Data section

━━━━

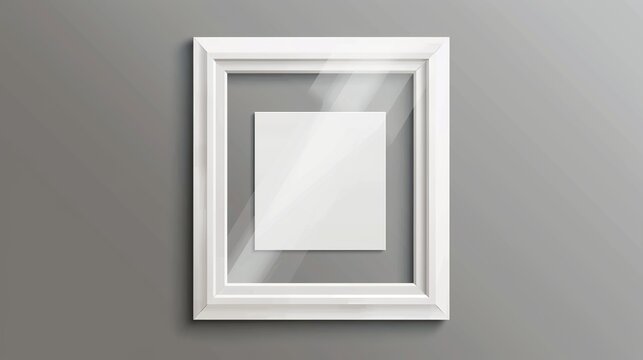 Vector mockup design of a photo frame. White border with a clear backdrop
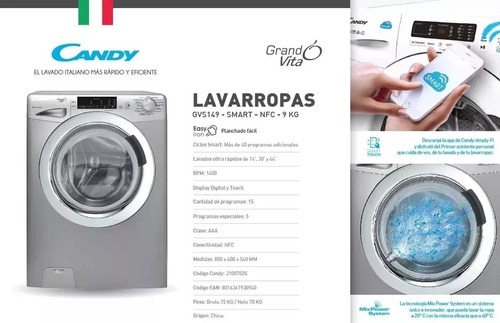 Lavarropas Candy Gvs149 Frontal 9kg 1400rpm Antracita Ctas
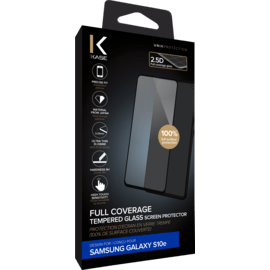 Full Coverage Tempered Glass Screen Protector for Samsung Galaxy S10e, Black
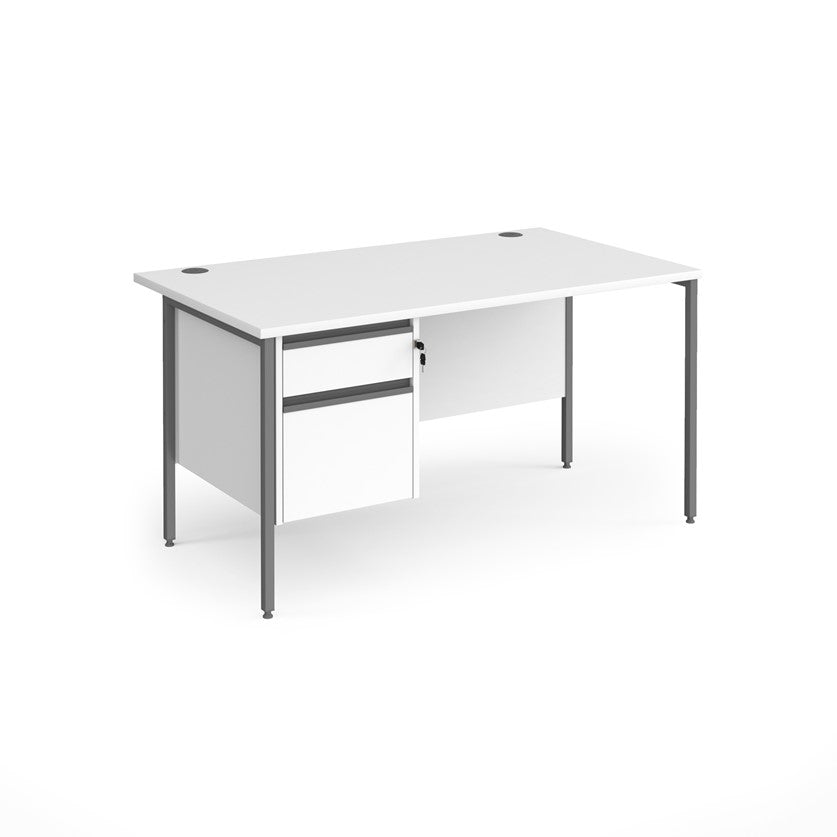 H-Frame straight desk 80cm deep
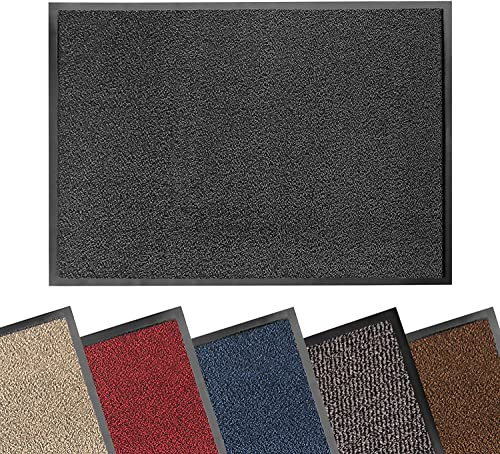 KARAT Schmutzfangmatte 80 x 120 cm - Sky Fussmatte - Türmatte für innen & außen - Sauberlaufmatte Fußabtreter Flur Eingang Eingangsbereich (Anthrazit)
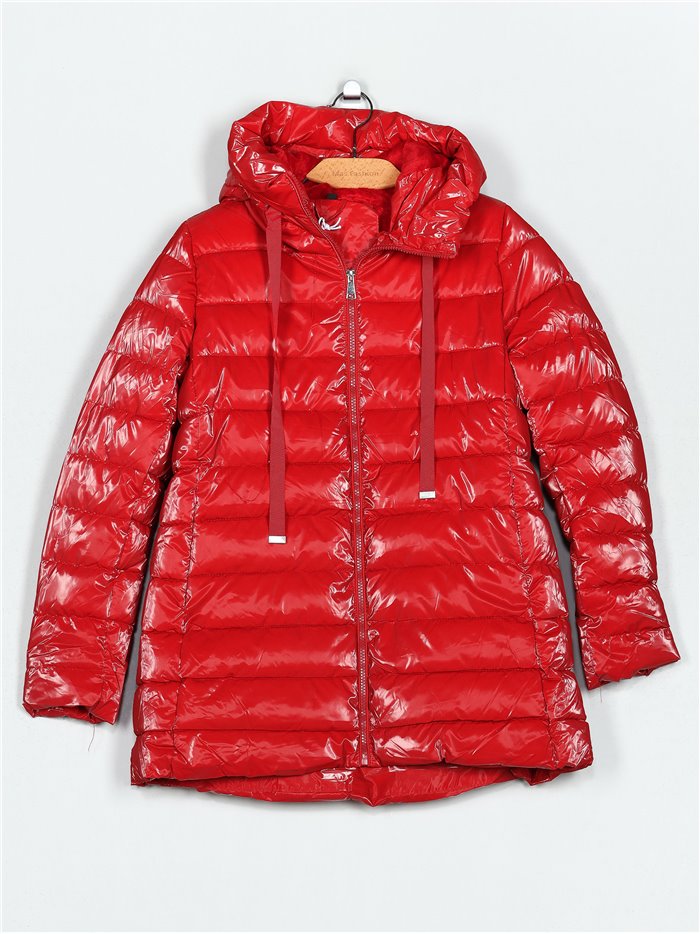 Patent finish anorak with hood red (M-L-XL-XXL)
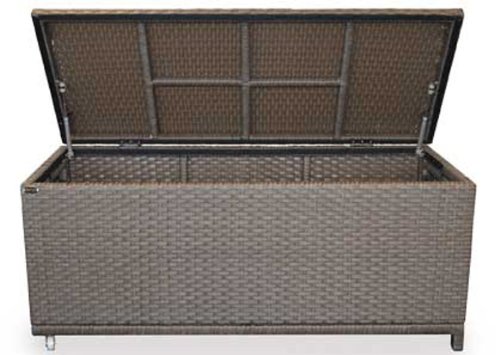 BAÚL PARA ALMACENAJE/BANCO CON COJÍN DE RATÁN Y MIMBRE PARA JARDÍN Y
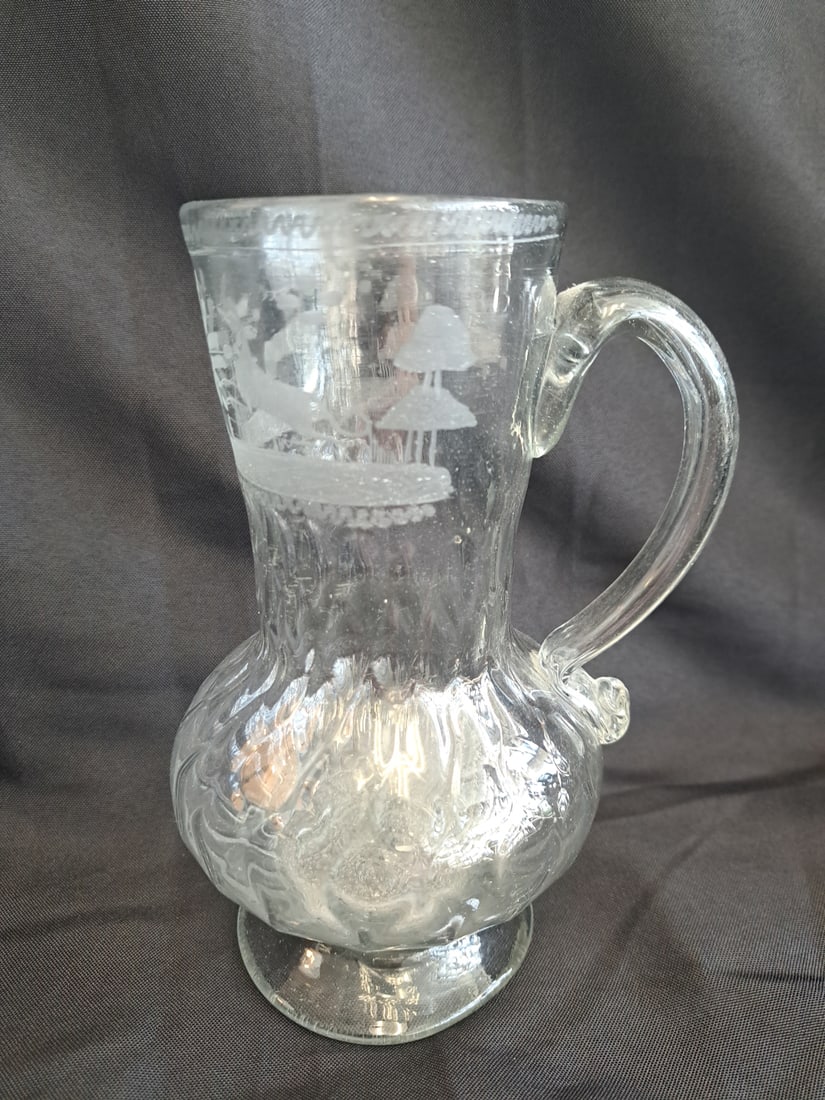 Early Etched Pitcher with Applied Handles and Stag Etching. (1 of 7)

━━━━

What you have to do
Output nothing but the records above, word for word, with the pictures removed.

Exercise response
 Vector mockup design of a photo frame. White border with a clear backdrop
 Lavarropas Candy Gvs149 Frontal 9kg 1400rpm Antracita Ctas
 Full Coverage Tempered Glass Screen Protector for Samsung Galaxy S10e, Black
 H-Frame straight desk 80cm deep
 KARAT Schmutzfangmatte 80 x 120 cm - Sky Fussmatte - Türmatte für innen & außen - Sauberlaufmatte Fußabtreter Flur Eingang Eingangsbereich (Anthrazit)
 Patent finish anorak with hood red (M-L-XL-XXL)
 BAÚL PARA ALMACENAJE/BANCO CON COJÍN DE RATÁN Y MIMBRE PARA JARDÍN Y
 Early Etched Pitcher with Applied Handles and Stag Etching. (1 of 7)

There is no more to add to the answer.